Thursday, October 16, 2008

Elastic Grid on EC2

Recently I had a talk with Jerome Bernard from Elastic Grid and was really impressed by their product.

It was about deploying, scaling in and out any application by adding new instances to the same EC2 node or new one. I remembered time spent on writing own scripts to control applications state on EC2 - A kind of nightmare. Of course EC2 guys give you some ways to start new EC2 nodes, install images but they are not very convenient IMHO.

Elastic Grid provides simple UI to control any kind of application and see number of instances, their current state, react on application or even EC2 instance failure. This is very intuitive thing what I like ;) But the most interesting is that they have policy-like files to automate the process. Wow! You don't even need to glance at your application. Just define the scaling behaviour for the overload and underload time.
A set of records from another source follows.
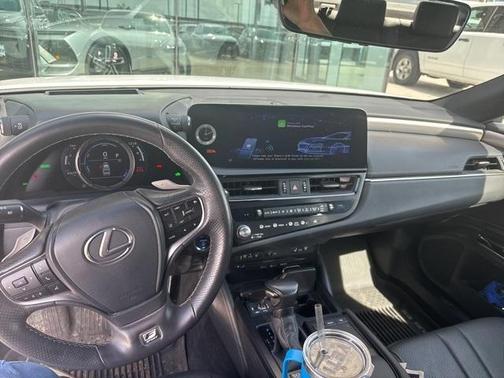 2022 Lexus ES 300h 300H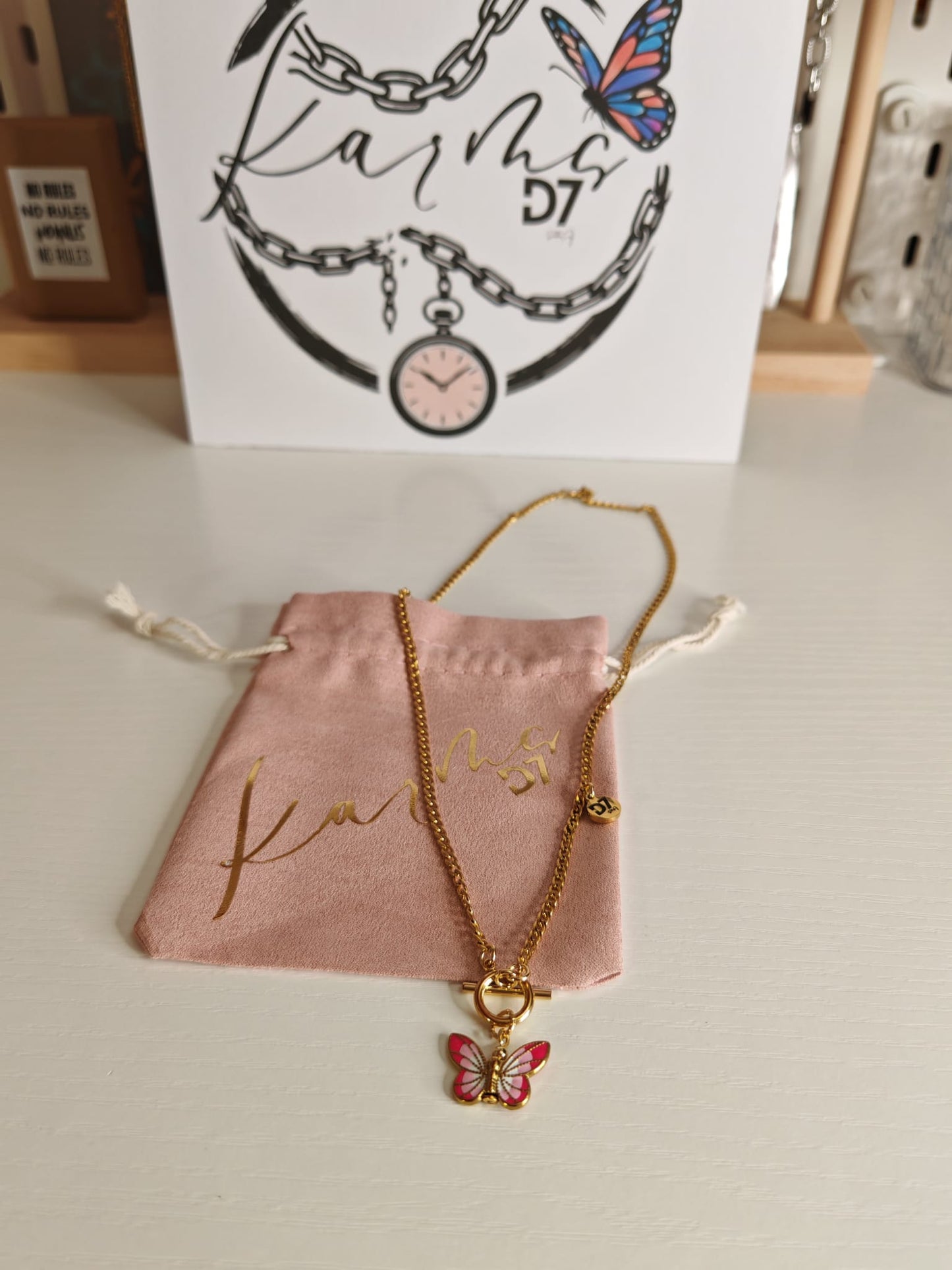 Collar Mariposa Karma D7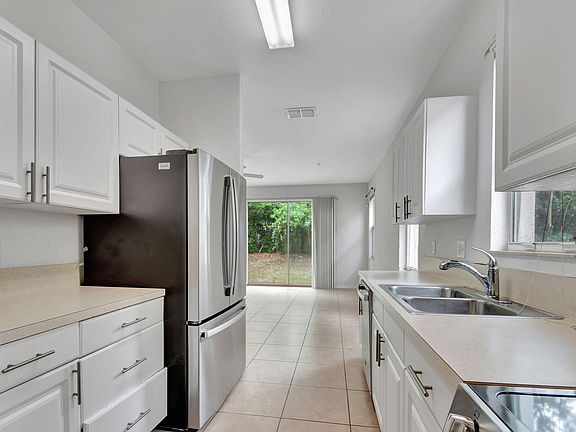 5th image of 905 Pipers Cay Drive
Jerome presented this product at JavaZone 08 this year in Oslo and here is a link to his presentation. But believe me, the real life example that he showed was much more impressive to me.

Elastic Grid slides

Monday, October 13, 2008

Hey what's up with Linux?

Recently I found myself in troubles with Fedora Core 9. I'm actually a Linux guy and can solve some minor issues by myself. Or may be more complicated ones ;)

So I started the day as usually with music in my head (I makes my day) and decided to copy some stuff to the player via USB. After I unmounted it and turned on I found all files corrupted. WTF I thought - it makes me starting my laptop again!! And I pressed power button...

In a few seconds I was confused with GDM that did not start well. Looked like it was re-spawned again and again and all I saw was a blanking cursor. Shoot. Something was definitely wrong with my box.

I remembered everything I did, all packages I installed and ... removed them ... but I did not help.

After an hour or so I came to strange conclusion - I just had no space on "/" (root). I understand why all files on my music player were cut off. I understand GDM manager that cannot occupy some free space to show the menu. What I don't understand is why FC did not tell me that there is no free space. Neither in logs nor as an error/warning message on the screen.

I think Fedora Core 9 is much less reliable then previous versions. I'm not looking forward for the new version anymore.

Saturday, October 11, 2008

GridGain and GigaSpaces. Process data in time.

Today I'd like to talk about GigaSpaces and GridGain mostly in a context of job scheduling with some key concepts of both products.

We all know that sometimes it's very critical to execute particular job at certain time. Say you have database available from 2pm to 5pm and all tasks/jobs that have certain type need to be executed within given time range. This feature is quite essential for the monsters like Globus but what about this niche taken by GridGain/Hadoop/GigaSpaces/JPPF?

Lets shed some light starting with GigaSpaces.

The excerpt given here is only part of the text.